Healthy lifestyle changes are key to lowering cholesterol. But it’s important to note that the amount of reduction will vary from person to person and by how significant the changes are, notes Dr. Green.
Regular exercise improves liver function and the way your liver uses fats. In one analysis of 51 exercise interventions lasting 12 weeks or more, it was found that aerobic exercise (think jogging, running, or cycling) raised HDL cholesterol by 4.6% on average while lowering triglyceride levels 3.7% and LDL cholesterol levels by 5%. The same analysis found low-to-moderate resistance training to also be effective in lowering cholesterol. “If you can reduce the amount of fat in your liver through things like diet and exercise, then you can improve the way the liver handles lipid production,” comments Ian Neeland, MD, director of cardiovascular prevention at University Hospitals Harrington Heart & Vascular Institute in Cleveland, Ohio.
6. Weight loss
Because of the way it impacts your liver and its cholesterol production, extra weight can raise your triglycerides and lower your HDL levels.

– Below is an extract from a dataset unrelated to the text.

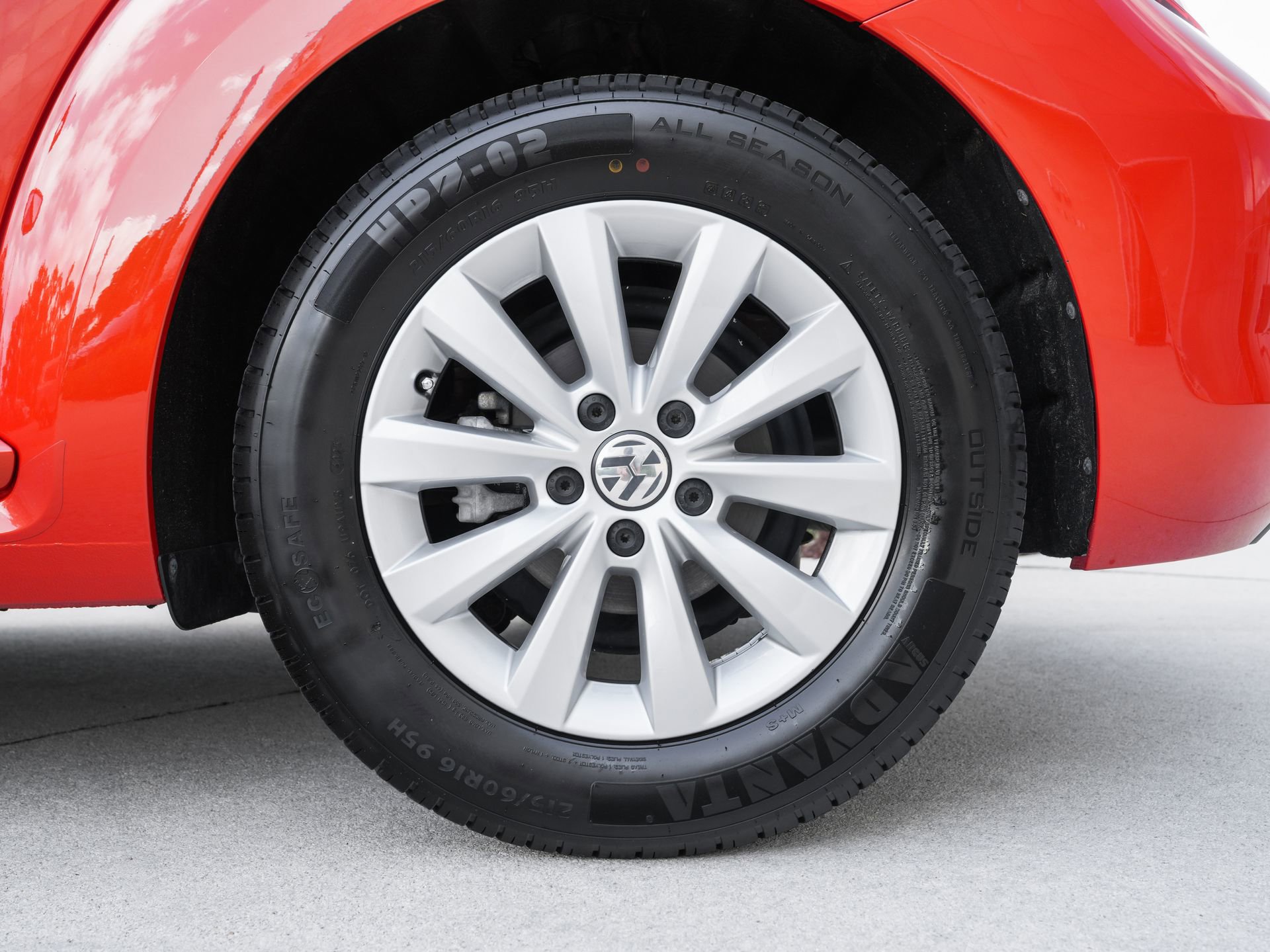 Used 2019 Volkswagen Beetle 2.0T S FWD image 29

That’s not to say that people who are in the normal weight range or are even underweight don’t have cholesterol problems. But in general, cholesterol tends to creep up as the excess pounds do. In fact, research shows that 60% to 70% of people with obesity have unhealthy cholesterol profiles. The good news? Even moderate weight loss—as little as 5% to 10% of your body weight, some studies suggest—can have cholesterol-lowering effects.
7. Quit smoking
Researchers aren’t exactly sure why, but in one study published in the American Heart Journal, people who quit smoking for a year had about a 5% increase in their HDL levels—this, despite the fact that many of them gained an additional 10 pounds over that year.

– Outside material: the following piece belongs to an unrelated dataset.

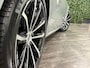 Volvo V60 T6 AWD Recharge Ultra Dark | Trekhaak | Schuifdak | Head-Up Display | Harman Kardon | Adaptieve Cruise Control | Stoelverwarming voor+achter | Stuurwielverwarming | Full LED Meesturende koplampen | Parkeercamera | Pilot Assist | BLIS Dode Hoek Detectie | Elektrische voorstoelen geheugen | Lederen bekleding | Zitting verlenging voorstoelen | Lederen dashboard | Google Infotainment | Keyless Drive | Parkeersensoren voor+achter | Privacy Glass | Elektrisch bedienbare achterklep | DAB Radio | Apple Carplay/Android Auto | Volvo On Call met mobiele App functie | Vapour Grey Metallic |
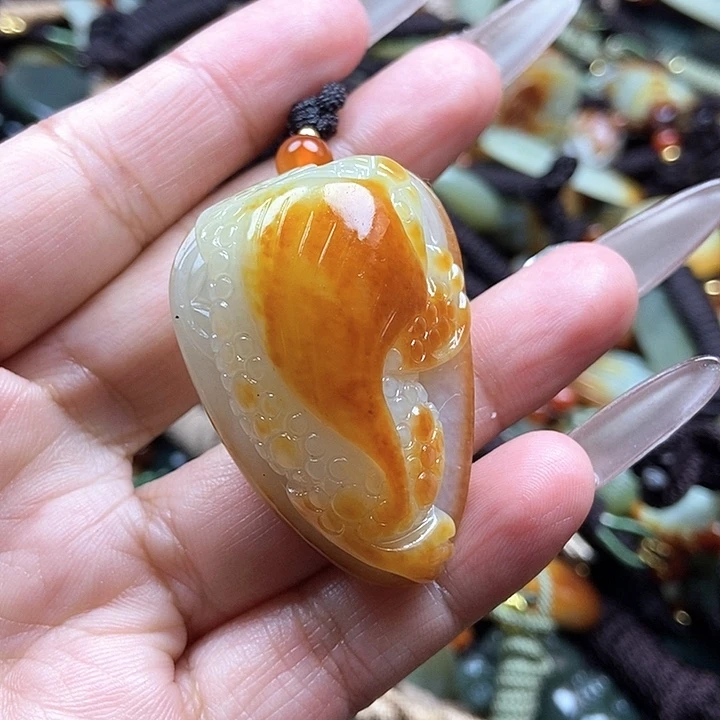 和田玉颈饰未镶嵌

A supplement may help to lower your cholesterol—but the operative word is may. Many don’t have enough well-executed, scientific studies behind them to support their claims. And supplements in this country don’t undergo the rigorous safety and efficacy tests drugs must pass before they come to market. Purity standards and ingredient concentrations are also not regulated. Bottom line: Buyer beware. And talk to your healthcare provider before taking any supplement.
8. Red yeast rice
Red yeast rice is a rice product that’s fermented with a type of yeast. “It contains a substance called monacolin K, chemically identical to the active ingredient in lovastatin [a drug that slows the production of cholesterol in the body]. It can lower cholesterol 10% to 20% depending on quality from the manufacturer,” says Dr. Green.
Lifestyle and dietary changes won’t always bring cholesterol down to healthy levels. Your doctor may prescribe medication if that is the case. The AHA recommends cholesterol-lowering drugs for people who:
- Are age 40-75 and have diabetes
- Have LDL cholesterol of 190 mg/dL or higher
- Are age 40-75, have an LDL reading of 70-189 mg/dL, and have a 5%–20% or greater risk of heart disease due to hardening of the arteries within 10 years (doctors calculate risk using a formula that includes factors such as your age, gender, smoking history, etc.)

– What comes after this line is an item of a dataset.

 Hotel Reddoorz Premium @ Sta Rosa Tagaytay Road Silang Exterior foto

10. Cholesterol absorption inhibitors
Medications like Zetia (ezetimibe) prevent the intestines from absorbing cholesterol.
11. Bile acid-binding agents
12. PCSK9 inhibitors
PCSKP is a protein made in the liver. People with a lot of this protein tend to have high cholesterol. “PCSK9 inhibitors are a relatively new class of cholesterol-lowering meds,” explains Dr. Green. “They have the effect of increasing LDL receptors in the liver, which in turn remove LDL cholesterol from the blood. These medications are self-injected, typically every two weeks.” Some medication names include Praluent (alirocumab) and Repatha (evolocumab).
How long does it take to lower cholesterol?
The good news is that with the right therapies—be they dietary and lifestyle changes and/or the use of medications—cholesterol can be lowered pretty quickly. “We usually wait three months to see maximum effects,” says Dr. Neeland. “But whether it’s with diet or medication, you can usually experience changes in just a week or two.”